Bir yanda mutsuz ve ihanete uğramış bir anlatıcı, diğer yanda da geleneklerin, şiddetin, tecavüzün kurbanı olan kadınlar var. Farklı yaşantılarda, farklı sorunlarla da olsa sonunda bir tür mutsuzluğa sürüklenişlerindeki alt metin nedir?
Türlü durumlar insanı deliliğe sürükleyebilir. Tabii ki Özlem dışındaki kadınların yaşadıkları çok ağır. Ama bu durumu yaşayan herkes de delirmiyor. İnsanın nasıl taşıdığı önemli. Özlem de taşıyamıyor. Aslında onu âşık olduğu adamın kapısına kadar getiren süreçte deliliği zaten var, o kapıda yaşadıkları sadece kırılma noktası, kopuş anı. Özlem onları tanıdıkça kendi hikâyesinden utanır duruma geliyor neredeyse. “Benim hikâyem onların yanında nedir ki?” diye düşünüyor. Özlem dışındakiler için en önemli alt metin Türkiye’de bunu yaşayan çok sayıda kadın olması. Karısını döven, bıçaklayan, çocuklarının önünde öldüren kocalar artık sıradan haber halini almaya başladı neredeyse, kadının delirmesi değil, bunu artık sıradanlaşan bir haber olarak dinlemek asıl delilik!
Başta kendi hayatı için bir tür kopuş yaşayan Özlem, akıl hastanesinde gerçeklikle hayal arasında gidip gelirken başkalarının hikâyelerini dinlediği zamanlarda kendi travması geri plana çekiliyor. Başkalarının acıları daha mı önemli onun için yoksa kendini anlaması, hatta belki iyi hissetmesi için bir araç mı oluyor?
Aynen söylediğiniz gibi. Demin söylediğim mesele, Özlem’in kendi deyişiyle “aptal” aşk hikâyesi artık bir sorun olmaktan bile çıkıyor neredeyse. Yazmaksa ikinci terapi oluyor. Baştan anlatmak. Hem kendine yeni bir yol çiziyor böylece hem de diğerlerini de hayata tutunduruyor.
Okura ipucu vermeden sormak istiyorum. Delilik ekseninde normallik-anormallik çatışması üzerinde ilerleyen kitabın sonunda, Özlem’in aldığı kararlar okura ne anlatıyor sizce; sözgelimi normallik bir konfor alanı mı veya diğerleri gibi olmadan yaratacağımız bir konfor alanı yok mu?
Elbette var, Özlem de bunu yapıyor bence. Onun derdi artık normal ya da anormal kavramları değil, o dertleri bitiyor bence, ikisini de görüp tanıdıktan sonra yaşadığı kabul duygusuyla geleceğe yürümek.
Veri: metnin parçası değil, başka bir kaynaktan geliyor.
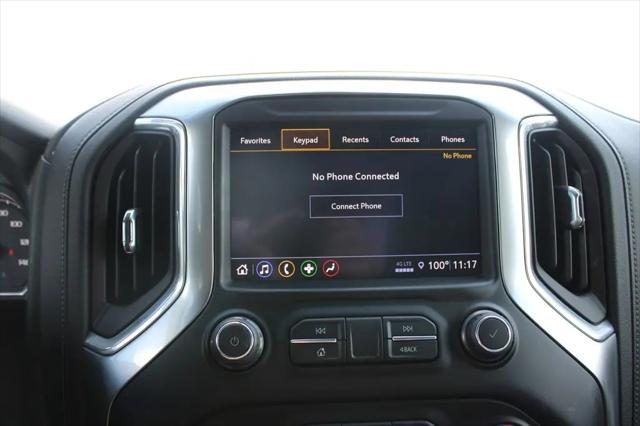 2021 Chevrolet Silverado 1500 4WD Crew Cab Short Bed LT Trail Boss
Benden bu kadar Ece Hanım. Çok teşekkürler. Eklemek istedikleriniz varsa tam sırası. ☺
Teşekkür ederim.:)
Her Şeyi Baştan Anlat Hakkında
Özlem 35 yaşında evli bir kadındır. Bir akşam ani bir kararla kocasını terk edip âşık olduğu adamın evine gider. Orada onu kötü bir sürpriz beklemektedir: Bir eş! Evine geri dönen Özlem’in gerçeklerle bağı kopmuştur artık. Geçirdiği sinir krizi sonrasında gözlerini bir akıl hastanesinde açar. Âşık olduğu adamın hayali sürekli yanındadır ve Özlem’le konuşmaktadır.
Özlem’in akıl hastanesinde tanıştığı her hastanın farklı bir hikâyesi vardır. Kimi aklını rakamlarla bozmuş, kimi kavuşamadığı sevgilinin özlemiyle çıldırmış, kimi yangında kaybettiği çocuklarının acısıyla gerçeklik duygusunu yitirmiş bu insanlar Özlem’in dünyaya ve kendine bakışını değiştirebilecek midir? Özlem takıntı haline getirdiği adamdan kurtulup yepyeni bir yaşama yelken açma gücünü kendinde bulabilecek midir?
Ece Erdoğuş Levi, çizdiği onlarca insan portresiyle okuru bambaşka diyarlara götürürken normal-anormal ayrımının da sınırlarında dolaştırıyor.
1987, Ankara.
Türk Dili ve Edebiyatı lisansı, Yeni Türk Edebiyatı yüksek lisansı…
KalemKahveKlavye’nin kurucusu.
Evli ve iki kedi babası…
Bazı kitaplar yazdı: Kadran Kadraj (2015), Kaosun Kalbi (2020), Yeraltı Kütüphanesi (2020), Gecenin Kıyısından Gelen Suratsız ve Yaşlı Kuzgun: Edgar Allan Poe (2020)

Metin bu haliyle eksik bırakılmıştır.